Последние слова потонули в заливистом лае Хуч. Мегафон засвистел. А следом, как удар кнута, щёлкнул отрывистый выстрел.
И Хуч замолчал. Но даже сквозь двойную раму я услышал, как зашлась плачем Сашенька, младшая из дочерей соседки, развитая не по годам трёхлетка, щебетунья и хохотушка. Она безмерно была влюблена в собачонку, и та отвечала ей взаимностью. И вот поди ж ты…
Забыв выключить мегафон, голос, словно оправдываясь, пророкотал:
— У нас для людей не хватает мест, а тут собака…
Чуть приоткрыв штору, я выглянул на улицу. Добровольно согласившихся отправиться неведомо куда набралось человек семьдесят, навскидку. Все, кто оставались в трёх домах, образующих подобие двора без особых границ и с большим количеством проходных участков. Большинство в плащах химзащиты, но часть в обычных пальто, зато все в противогазах и масках. В основном со звёздами на спинах. Здоровые, значит. Пусть и относительно. А теперь с сумками и котомками. С испуганными детьми, вцепившимися в руки матерей. И плачущая Сашенька в центре. А у её ног — Хуч. В красном круге на снегу. Сколько там того снега. И сколько там того Хуча…
Бойцы, экипированные в чёрное, прикладами автоматов подгоняли толпу к автобусам. Но не все. Часть чёрных «космонавтов», с опущенными забралами шлёмов, рванула по подъездам.
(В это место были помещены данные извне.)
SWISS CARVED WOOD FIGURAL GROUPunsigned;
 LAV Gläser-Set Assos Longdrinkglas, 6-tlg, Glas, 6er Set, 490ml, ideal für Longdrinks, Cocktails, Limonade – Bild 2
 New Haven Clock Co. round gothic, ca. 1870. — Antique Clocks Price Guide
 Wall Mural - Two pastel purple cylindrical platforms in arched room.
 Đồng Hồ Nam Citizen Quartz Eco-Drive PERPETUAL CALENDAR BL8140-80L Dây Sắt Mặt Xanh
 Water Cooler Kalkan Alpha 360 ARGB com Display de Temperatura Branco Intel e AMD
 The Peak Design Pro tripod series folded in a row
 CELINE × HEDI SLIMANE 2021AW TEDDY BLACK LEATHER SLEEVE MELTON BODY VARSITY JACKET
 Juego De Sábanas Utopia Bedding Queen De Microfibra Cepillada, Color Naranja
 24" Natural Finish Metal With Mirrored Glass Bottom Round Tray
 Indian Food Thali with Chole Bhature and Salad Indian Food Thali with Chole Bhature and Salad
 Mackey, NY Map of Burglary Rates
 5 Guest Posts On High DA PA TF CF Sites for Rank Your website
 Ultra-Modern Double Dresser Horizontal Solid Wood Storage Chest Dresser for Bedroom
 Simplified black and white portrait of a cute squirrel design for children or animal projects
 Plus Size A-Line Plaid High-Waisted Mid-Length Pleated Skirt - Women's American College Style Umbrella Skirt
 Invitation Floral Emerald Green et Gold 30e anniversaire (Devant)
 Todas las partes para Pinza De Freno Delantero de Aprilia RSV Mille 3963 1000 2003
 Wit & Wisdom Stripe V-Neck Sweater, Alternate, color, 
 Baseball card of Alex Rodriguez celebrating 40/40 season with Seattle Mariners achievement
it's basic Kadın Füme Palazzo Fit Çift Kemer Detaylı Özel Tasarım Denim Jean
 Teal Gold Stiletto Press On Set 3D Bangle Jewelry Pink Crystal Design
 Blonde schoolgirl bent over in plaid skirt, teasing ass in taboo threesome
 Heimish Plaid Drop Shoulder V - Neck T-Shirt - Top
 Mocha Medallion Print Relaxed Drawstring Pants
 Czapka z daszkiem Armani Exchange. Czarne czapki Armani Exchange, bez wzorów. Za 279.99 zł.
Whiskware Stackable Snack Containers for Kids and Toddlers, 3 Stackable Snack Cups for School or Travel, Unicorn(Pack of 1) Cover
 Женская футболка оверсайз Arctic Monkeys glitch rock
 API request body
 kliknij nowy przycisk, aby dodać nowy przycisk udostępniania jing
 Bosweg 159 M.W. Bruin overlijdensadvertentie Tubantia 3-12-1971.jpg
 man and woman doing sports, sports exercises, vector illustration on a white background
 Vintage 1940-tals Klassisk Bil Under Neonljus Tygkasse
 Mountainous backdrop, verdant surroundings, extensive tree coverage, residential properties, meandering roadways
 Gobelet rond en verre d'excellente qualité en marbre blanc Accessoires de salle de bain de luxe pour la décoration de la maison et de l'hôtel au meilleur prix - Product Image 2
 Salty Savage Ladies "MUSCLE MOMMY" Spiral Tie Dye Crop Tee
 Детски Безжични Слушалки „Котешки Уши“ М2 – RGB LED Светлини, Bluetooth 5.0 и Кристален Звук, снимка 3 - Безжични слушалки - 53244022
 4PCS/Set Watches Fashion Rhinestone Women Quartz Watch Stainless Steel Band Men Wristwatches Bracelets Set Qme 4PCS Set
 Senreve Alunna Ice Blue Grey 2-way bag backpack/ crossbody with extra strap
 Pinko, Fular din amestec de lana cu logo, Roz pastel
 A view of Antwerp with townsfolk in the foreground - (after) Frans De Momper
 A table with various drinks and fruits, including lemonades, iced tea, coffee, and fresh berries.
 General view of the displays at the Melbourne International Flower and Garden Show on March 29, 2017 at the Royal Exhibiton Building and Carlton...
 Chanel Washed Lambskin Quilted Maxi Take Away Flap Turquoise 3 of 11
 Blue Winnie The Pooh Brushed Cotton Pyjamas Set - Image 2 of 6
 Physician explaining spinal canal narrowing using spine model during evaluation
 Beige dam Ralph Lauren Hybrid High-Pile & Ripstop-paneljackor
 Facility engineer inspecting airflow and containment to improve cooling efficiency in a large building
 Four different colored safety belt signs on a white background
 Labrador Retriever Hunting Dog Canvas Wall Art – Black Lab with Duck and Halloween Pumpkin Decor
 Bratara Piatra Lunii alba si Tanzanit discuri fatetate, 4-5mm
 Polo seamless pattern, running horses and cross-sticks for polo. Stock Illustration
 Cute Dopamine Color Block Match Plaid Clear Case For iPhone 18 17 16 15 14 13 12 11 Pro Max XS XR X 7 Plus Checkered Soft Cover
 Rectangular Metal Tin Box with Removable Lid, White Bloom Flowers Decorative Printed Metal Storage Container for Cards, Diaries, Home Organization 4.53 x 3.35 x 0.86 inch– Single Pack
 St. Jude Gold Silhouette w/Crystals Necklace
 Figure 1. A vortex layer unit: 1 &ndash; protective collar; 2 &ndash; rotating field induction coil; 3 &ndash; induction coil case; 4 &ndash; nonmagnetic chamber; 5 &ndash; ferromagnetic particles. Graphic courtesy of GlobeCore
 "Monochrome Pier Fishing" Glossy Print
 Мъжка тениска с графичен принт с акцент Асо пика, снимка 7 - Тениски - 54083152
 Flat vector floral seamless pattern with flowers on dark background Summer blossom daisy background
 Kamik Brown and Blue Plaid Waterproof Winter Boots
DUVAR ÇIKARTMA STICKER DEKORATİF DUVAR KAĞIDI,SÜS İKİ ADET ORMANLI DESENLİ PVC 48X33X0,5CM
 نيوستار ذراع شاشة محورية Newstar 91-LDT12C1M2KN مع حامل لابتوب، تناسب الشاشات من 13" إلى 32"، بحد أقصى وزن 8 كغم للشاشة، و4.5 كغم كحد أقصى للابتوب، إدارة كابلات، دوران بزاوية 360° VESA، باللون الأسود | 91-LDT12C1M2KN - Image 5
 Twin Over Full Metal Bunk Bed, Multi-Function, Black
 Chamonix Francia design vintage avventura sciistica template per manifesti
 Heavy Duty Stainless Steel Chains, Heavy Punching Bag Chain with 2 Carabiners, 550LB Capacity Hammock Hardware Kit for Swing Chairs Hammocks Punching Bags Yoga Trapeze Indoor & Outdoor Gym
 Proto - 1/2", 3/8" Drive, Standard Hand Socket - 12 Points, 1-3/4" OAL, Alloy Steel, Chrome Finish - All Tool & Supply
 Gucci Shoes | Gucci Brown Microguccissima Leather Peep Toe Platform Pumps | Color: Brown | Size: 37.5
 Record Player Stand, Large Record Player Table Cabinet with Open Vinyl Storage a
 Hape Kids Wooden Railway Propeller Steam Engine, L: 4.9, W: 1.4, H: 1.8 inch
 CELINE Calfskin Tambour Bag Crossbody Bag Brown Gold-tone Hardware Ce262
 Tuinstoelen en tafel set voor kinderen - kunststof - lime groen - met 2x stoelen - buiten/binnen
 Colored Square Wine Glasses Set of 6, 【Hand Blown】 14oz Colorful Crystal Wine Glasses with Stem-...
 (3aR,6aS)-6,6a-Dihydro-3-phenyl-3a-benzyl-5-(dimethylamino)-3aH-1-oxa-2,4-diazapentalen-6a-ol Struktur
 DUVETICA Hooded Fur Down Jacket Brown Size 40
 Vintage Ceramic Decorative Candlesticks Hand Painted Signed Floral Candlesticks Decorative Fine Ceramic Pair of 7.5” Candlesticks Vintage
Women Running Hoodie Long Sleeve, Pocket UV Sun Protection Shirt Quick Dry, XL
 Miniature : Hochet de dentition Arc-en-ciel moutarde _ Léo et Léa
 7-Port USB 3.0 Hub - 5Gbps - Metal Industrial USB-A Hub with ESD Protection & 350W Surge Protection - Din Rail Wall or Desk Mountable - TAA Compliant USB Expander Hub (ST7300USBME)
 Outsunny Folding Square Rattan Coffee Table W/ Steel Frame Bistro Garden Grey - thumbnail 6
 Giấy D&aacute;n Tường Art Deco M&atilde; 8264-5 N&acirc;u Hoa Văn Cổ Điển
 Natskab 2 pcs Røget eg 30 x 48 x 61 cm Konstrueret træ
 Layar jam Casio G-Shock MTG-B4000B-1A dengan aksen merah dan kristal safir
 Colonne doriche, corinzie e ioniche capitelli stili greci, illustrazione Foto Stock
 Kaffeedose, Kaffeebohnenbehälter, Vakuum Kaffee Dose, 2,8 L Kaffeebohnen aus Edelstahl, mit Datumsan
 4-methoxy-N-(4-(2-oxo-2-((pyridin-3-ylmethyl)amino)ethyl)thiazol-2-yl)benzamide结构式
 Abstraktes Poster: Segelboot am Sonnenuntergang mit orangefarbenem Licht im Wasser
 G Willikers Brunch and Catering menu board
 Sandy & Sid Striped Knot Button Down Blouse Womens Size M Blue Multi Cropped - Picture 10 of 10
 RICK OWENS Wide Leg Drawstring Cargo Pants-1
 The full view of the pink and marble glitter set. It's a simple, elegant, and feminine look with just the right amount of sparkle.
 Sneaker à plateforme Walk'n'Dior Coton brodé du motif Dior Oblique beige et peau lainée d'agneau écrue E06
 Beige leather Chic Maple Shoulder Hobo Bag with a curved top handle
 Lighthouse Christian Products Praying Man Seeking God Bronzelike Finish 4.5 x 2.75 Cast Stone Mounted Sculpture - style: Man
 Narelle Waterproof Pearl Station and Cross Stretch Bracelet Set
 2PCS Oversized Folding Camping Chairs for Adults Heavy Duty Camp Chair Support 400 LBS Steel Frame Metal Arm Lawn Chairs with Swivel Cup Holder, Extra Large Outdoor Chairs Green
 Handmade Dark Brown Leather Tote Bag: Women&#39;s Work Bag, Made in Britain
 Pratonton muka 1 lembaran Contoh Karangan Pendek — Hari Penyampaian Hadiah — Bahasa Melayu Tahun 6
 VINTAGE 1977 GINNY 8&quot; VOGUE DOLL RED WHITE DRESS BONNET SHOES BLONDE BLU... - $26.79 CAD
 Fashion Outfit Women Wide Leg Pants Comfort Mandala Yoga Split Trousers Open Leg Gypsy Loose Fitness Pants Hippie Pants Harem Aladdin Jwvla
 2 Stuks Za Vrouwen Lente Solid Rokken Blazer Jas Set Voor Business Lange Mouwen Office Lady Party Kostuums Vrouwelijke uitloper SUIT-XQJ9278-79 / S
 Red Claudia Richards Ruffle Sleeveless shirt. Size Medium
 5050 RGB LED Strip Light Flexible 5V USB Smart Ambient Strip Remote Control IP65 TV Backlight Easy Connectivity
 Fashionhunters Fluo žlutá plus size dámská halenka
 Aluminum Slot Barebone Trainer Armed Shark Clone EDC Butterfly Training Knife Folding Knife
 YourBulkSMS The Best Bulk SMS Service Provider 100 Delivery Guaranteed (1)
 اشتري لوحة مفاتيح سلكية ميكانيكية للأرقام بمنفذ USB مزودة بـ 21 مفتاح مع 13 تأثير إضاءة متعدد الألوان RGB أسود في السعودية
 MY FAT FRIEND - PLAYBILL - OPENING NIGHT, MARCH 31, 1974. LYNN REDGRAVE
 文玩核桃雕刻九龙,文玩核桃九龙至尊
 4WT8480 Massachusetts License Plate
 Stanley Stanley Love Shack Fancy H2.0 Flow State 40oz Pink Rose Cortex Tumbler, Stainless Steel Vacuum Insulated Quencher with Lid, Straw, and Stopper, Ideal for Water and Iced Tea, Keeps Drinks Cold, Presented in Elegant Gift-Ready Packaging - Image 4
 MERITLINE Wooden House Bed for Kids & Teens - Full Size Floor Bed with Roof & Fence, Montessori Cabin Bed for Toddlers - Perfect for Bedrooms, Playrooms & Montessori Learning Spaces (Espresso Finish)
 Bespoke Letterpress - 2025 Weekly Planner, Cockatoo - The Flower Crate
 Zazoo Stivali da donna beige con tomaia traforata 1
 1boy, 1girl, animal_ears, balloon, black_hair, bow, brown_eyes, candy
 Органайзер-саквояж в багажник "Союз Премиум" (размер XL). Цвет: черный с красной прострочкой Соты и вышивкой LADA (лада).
Я отступил от окна. Время прятаться.
В темноте кладовки моя маскировка работала. Даже в свете фонаря я буду выглядеть невнятной тенью вещей, висевших на вешалке.
Лифт прогудел до десятого. Потом, спускаясь, останавливался через этаж. Кто-то вышел на моём.
По всему дому уже грохотали удары молотов или чем там вышибают двери. Начался обещанный слом, хотя, по сути, взлом. Забухали удары и на моём этаже, вперемежку с чьим-то тяжёлым дыханием — это вскрывают квартиру по соседству, понял я. А ведь там, в квартире, никто не живёт уже с полгода. Но дверь заперта. И она упорно противостояла напору.